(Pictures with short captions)
======
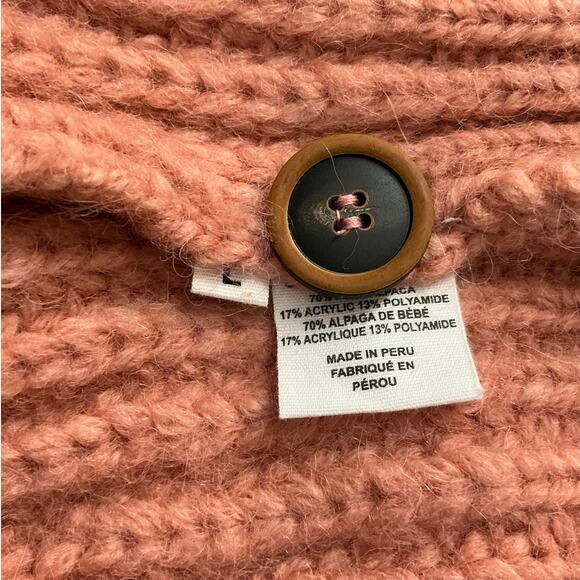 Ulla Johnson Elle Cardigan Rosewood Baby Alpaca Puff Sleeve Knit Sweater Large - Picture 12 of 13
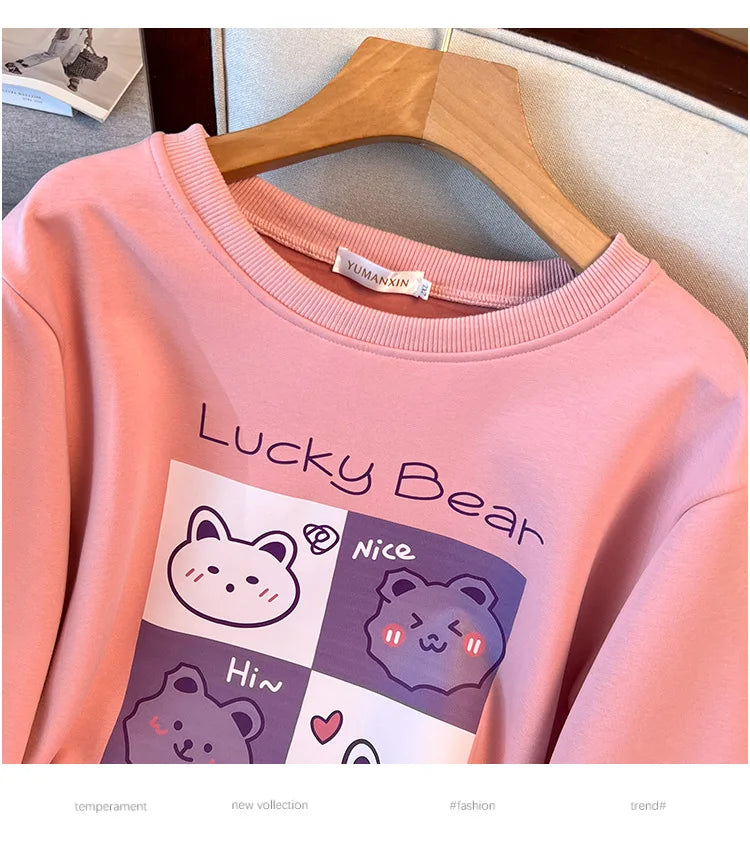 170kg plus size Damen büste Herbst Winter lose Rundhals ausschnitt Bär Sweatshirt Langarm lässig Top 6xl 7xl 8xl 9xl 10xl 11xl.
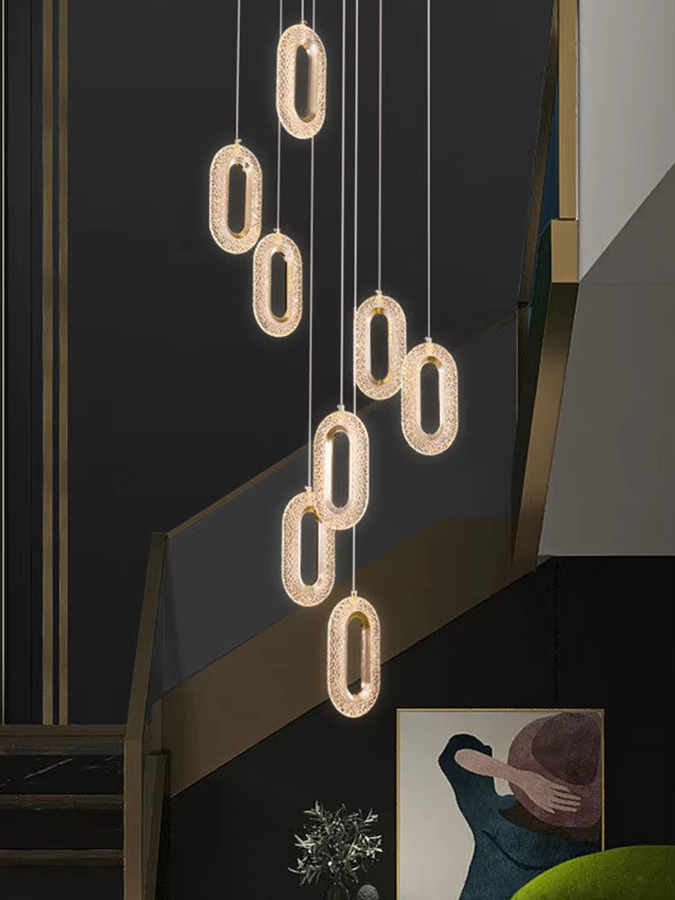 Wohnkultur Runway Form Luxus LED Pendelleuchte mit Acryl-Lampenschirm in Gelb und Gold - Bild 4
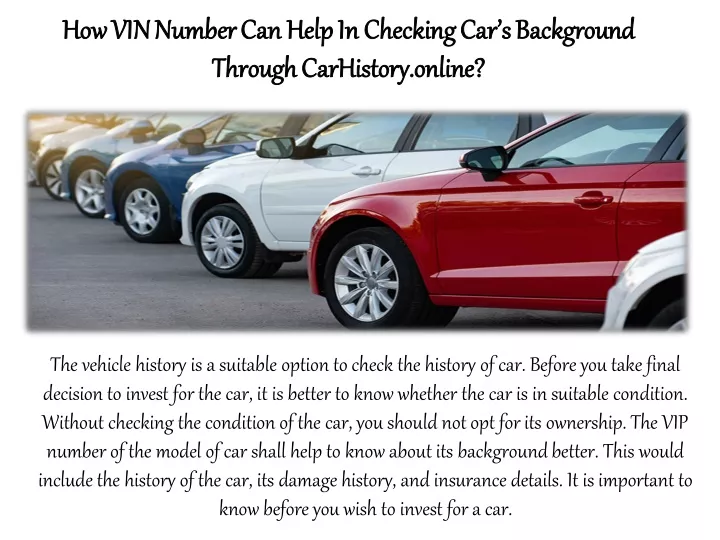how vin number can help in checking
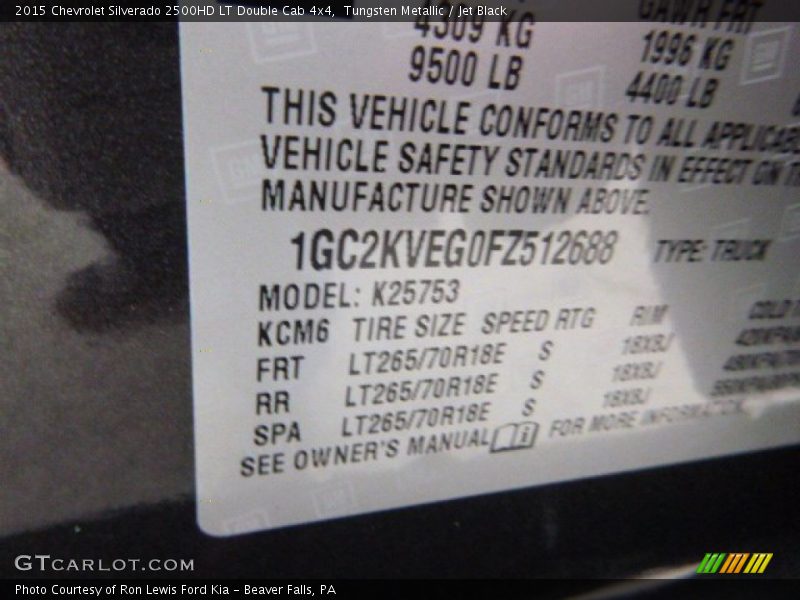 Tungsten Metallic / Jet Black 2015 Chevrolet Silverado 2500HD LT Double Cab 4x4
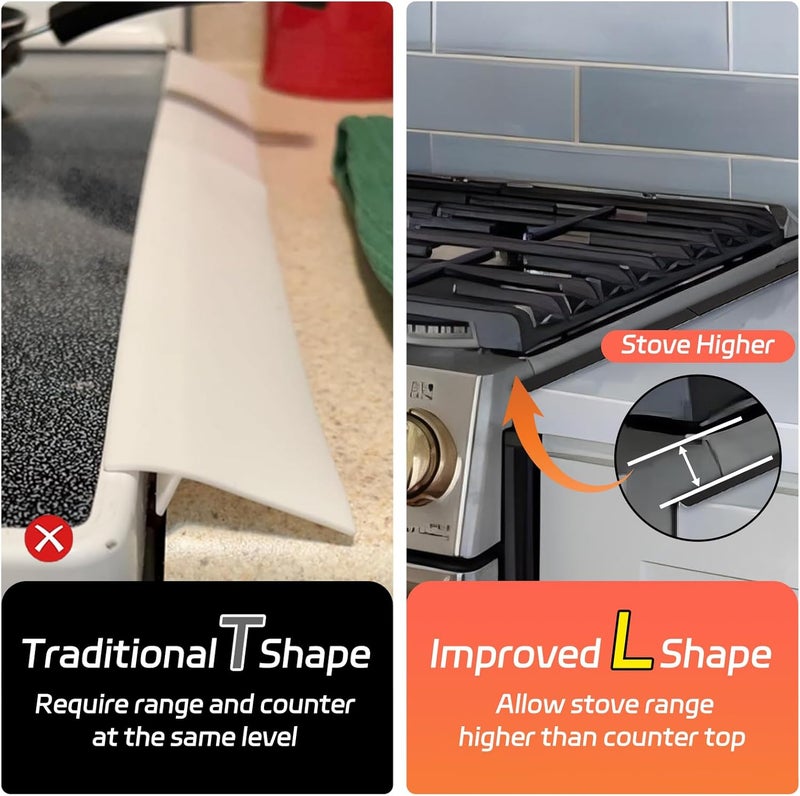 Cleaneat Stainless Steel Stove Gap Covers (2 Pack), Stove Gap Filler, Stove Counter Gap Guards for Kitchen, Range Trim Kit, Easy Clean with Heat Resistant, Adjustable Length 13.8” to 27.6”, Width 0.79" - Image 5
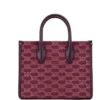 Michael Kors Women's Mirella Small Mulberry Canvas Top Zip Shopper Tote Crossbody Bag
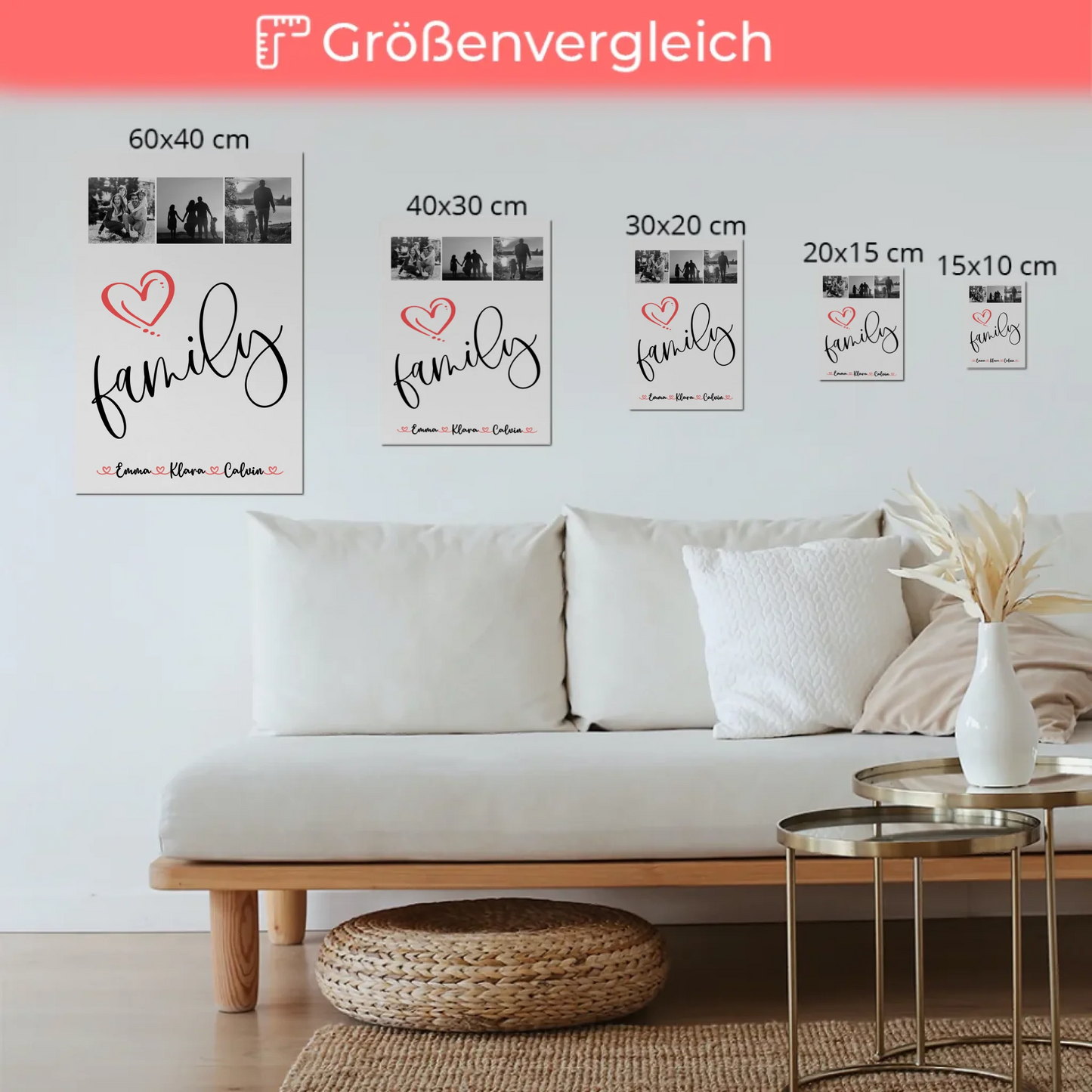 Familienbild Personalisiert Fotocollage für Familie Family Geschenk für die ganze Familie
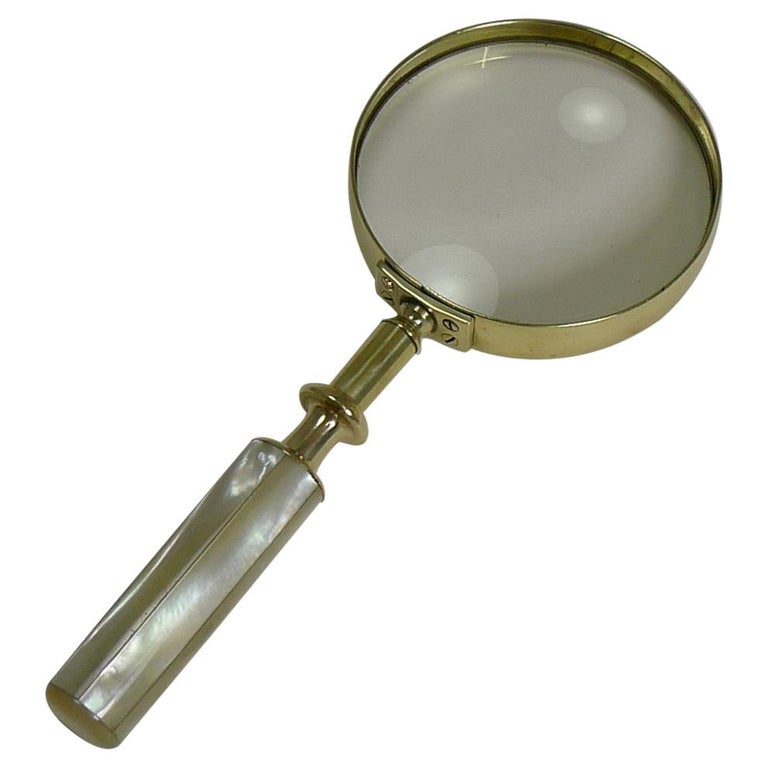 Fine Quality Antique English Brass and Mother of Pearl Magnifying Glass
======
- What you should do:
Omit the pictures and reproduce the records above exactly.

- Reply:
 Ulla Johnson Elle Cardigan Rosewood Baby Alpaca Puff Sleeve Knit Sweater Large - Picture 12 of 13
 170kg plus size Damen büste Herbst Winter lose Rundhals ausschnitt Bär Sweatshirt Langarm lässig Top 6xl 7xl 8xl 9xl 10xl 11xl.
 Wohnkultur Runway Form Luxus LED Pendelleuchte mit Acryl-Lampenschirm in Gelb und Gold - Bild 4
how vin number can help in checking
 Tungsten Metallic / Jet Black 2015 Chevrolet Silverado 2500HD LT Double Cab 4x4
 Cleaneat Stainless Steel Stove Gap Covers (2 Pack), Stove Gap Filler, Stove Counter Gap Guards for Kitchen, Range Trim Kit, Easy Clean with Heat Resistant, Adjustable Length 13.8” to 27.6”, Width 0.79" - Image 5
 Michael Kors Women's Mirella Small Mulberry Canvas Top Zip Shopper Tote Crossbody Bag
 Familienbild Personalisiert Fotocollage für Familie Family Geschenk für die ganze Familie
 Fine Quality Antique English Brass and Mother of Pearl Magnifying Glass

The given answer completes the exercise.